- IATA: QUW; ICAO: BGAS;

Summary
- Airport type: Public
- Operator: Greenland Airport Authority (Mittarfeqarfiit)
- Serves: Ammassivik, Greenland
- Elevation AMSL: 71 ft / 22 m
- Coordinates: 60°35′45″N 045°22′44″W﻿ / ﻿60.59583°N 45.37889°W
- Website: Ammassivik Heliport

Map
- BGAS Location in Greenland

Helipads
| Number | Length |  | Surface |
| m | ft |
| 1 | 15 | 49 | Grass |
- Source: Danish AIS

= Ammassivik Heliport =

Heliport in Greenland

Ammassivik Heliport is a heliport in Ammassivik, a village in the Kujalleq municipality in southern Greenland. The heliport is considered a helistop, and is served by Air Greenland as part of government contract.
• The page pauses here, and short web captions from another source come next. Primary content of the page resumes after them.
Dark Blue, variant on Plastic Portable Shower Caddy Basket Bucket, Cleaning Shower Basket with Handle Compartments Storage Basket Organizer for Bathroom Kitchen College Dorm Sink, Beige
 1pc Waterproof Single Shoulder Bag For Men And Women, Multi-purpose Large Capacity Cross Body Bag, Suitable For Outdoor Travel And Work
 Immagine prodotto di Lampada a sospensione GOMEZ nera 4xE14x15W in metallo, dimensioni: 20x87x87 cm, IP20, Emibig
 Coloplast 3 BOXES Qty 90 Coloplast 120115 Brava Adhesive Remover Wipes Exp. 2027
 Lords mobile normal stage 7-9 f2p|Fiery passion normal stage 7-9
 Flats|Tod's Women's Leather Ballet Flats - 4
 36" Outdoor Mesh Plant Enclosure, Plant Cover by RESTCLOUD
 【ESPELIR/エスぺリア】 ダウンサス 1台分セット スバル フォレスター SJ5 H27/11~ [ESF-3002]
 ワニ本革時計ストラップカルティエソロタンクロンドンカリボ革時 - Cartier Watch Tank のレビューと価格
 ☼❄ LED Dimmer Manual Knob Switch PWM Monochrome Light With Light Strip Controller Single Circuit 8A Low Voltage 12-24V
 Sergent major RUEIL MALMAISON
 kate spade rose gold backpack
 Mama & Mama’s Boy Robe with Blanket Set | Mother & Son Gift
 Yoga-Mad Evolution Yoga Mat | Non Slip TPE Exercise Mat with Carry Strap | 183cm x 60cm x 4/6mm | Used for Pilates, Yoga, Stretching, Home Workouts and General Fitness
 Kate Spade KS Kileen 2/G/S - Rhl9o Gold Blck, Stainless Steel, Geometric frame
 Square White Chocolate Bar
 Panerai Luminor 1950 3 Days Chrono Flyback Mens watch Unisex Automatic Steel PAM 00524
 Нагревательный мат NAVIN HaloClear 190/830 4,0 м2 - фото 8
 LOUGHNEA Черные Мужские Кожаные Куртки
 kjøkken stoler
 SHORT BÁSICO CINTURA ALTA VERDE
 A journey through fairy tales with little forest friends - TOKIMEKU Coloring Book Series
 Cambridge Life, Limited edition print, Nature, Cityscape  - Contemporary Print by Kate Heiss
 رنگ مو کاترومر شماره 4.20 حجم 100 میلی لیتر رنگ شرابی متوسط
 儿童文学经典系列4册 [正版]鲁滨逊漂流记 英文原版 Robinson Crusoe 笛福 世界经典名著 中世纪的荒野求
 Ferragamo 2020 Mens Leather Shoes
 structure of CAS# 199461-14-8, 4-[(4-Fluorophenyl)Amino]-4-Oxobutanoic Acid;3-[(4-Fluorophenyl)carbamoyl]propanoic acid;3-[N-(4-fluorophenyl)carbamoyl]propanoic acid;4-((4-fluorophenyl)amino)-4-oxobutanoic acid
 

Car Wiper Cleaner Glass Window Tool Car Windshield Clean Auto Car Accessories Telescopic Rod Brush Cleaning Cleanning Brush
== Airlines and destinations ==

Air Greenland operates government contract flights to villages in the Nanortalik region. These mostly cargo flights are not featured in the timetable, although they can be pre-booked. Departure times for these flights as specified during booking are by definition approximate, with the settlement service optimized on the fly depending on local demand for a given day.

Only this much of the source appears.